**Problem description:** Copy the listing that follows exactly. Its pictures do not belong in the copy.

**Data extract:**
____

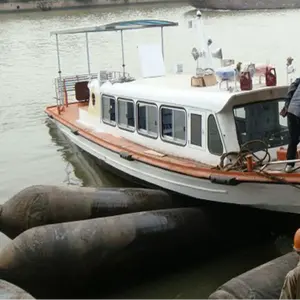 Лодки пневматические морские спасательные подушки безопасности для отстыковки корабля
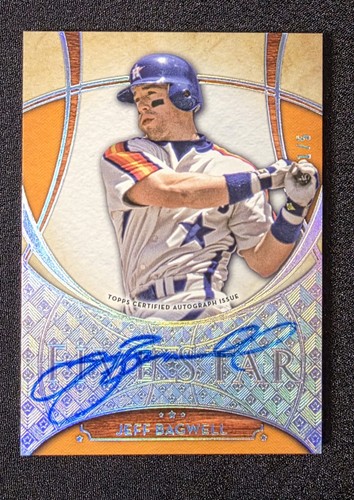 Jeff bagwell 5 2017 - 5,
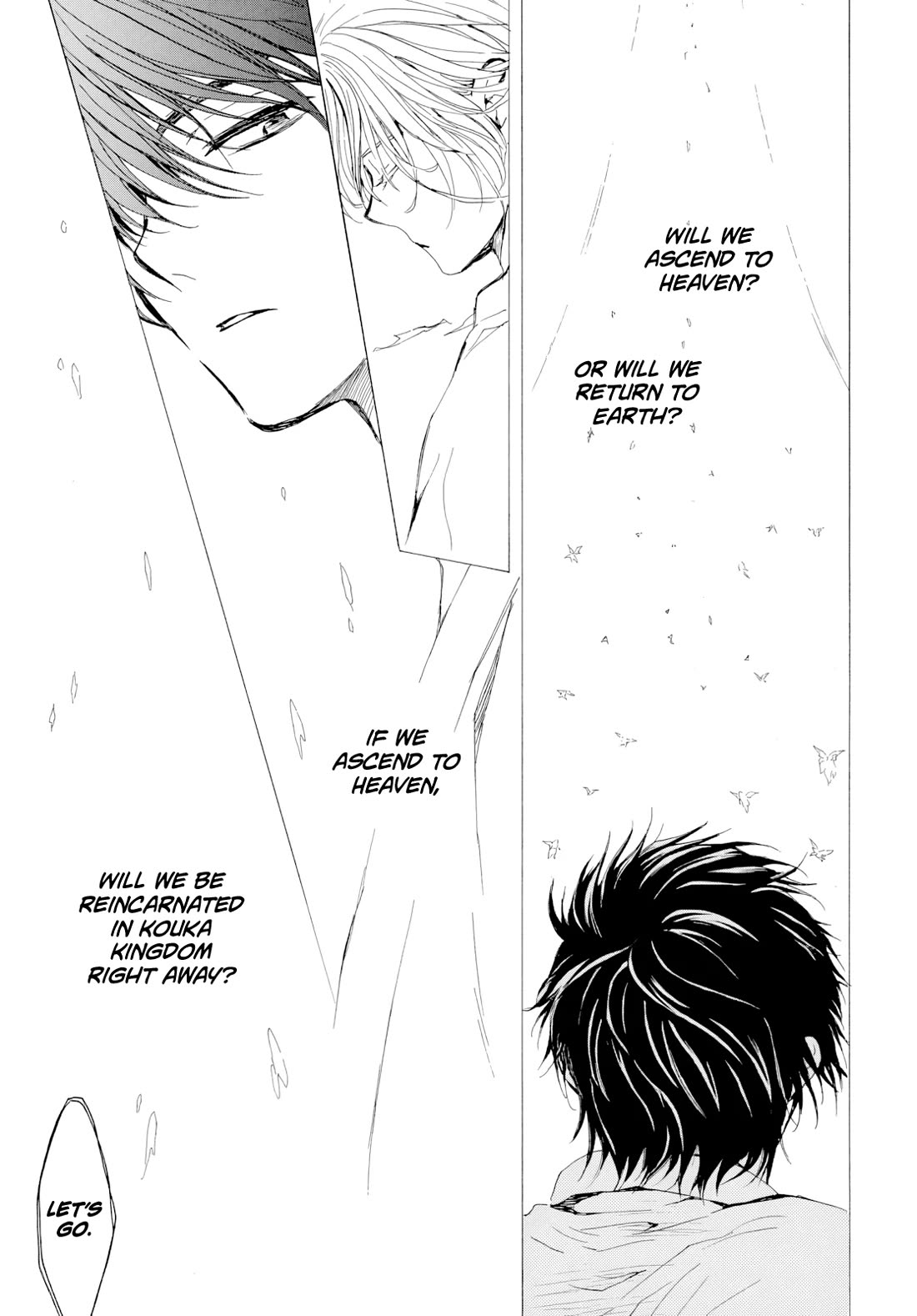 Akatsuki no Yona chapter 273 page 26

____

**Exercise result:**
 Лодки пневматические морские спасательные подушки безопасности для отстыковки корабля
 Jeff bagwell 5 2017 - 5,
 Akatsuki no Yona chapter 273 page 26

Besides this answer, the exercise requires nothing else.